In LAN, bus topology is mostly used. In this topology, each computer is assigned a
unique address. The bus network configuration is given in figure image.
Complex topologies
1. Mesh Topology
In the mesh topology, separate cables are used to connect individual devices on the
network. This topology is expensive because of the number of cables used in the network.
The mesh topology is of two types,
full-mesh and
partial-mesh.
a) Full mesh:
In this topology, each device is interconnected with all the devices on the network, by a
dedicated cable. If one device fails, the data traveling along the network can be routed through
another device attached to the active device. The structure of the network is complex because
the devices in the network are interconnected.

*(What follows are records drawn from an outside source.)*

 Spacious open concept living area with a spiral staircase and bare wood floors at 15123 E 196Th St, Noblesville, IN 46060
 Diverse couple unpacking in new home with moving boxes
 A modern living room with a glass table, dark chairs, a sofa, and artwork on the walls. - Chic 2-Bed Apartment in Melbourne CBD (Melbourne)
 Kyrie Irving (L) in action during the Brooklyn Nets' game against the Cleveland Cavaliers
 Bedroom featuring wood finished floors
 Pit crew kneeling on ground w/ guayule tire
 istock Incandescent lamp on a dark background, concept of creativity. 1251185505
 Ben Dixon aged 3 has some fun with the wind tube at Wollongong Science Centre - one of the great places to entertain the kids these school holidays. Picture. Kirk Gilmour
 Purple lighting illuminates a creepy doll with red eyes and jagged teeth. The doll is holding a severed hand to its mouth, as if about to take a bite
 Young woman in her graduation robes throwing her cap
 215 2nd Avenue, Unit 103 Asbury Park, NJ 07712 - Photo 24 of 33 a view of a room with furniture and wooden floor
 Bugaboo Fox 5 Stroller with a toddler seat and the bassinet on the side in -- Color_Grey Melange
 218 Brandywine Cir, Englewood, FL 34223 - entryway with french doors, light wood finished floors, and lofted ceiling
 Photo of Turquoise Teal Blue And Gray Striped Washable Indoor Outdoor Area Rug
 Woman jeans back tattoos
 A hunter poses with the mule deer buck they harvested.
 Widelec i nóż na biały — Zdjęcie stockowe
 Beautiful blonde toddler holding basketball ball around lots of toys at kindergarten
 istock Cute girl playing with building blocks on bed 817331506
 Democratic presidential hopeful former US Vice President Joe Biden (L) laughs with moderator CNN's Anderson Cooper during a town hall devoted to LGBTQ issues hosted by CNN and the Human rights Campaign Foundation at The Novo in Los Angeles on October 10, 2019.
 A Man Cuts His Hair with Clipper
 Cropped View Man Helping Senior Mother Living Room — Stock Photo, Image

Fig () Full Mesh Fig () Partial Mesh
b) Partial Mesh
In this topology, each device on the network is not connected to other devices. Only a
few devices on the network are connected using the full-mesh topology, and the others are
connected to one or more devices on the network.
Hybrid Topology:
This topology is the combination of bus, star, and ring networks. In other words, this
topology combines multiple topologies to form a large topology. The hybrid topology is widely
implemented in WANs.
a) Hybrid Star-Bus Topology:
Fig shows two networks, A and B, on a star topology. However, the connection between
the two networks is established using the bus topology. In a star-bus topology, the star
topology of each network is linked to the bus topology.
Hybrid Star-Bus Topology
Fig () Hybrid star bus topology Fig () Hybrid star ring topology
Transmission mode
A transmission mode defines the way in which group of bits goes from one device to
another. In transmission mode data flows in 3 ways.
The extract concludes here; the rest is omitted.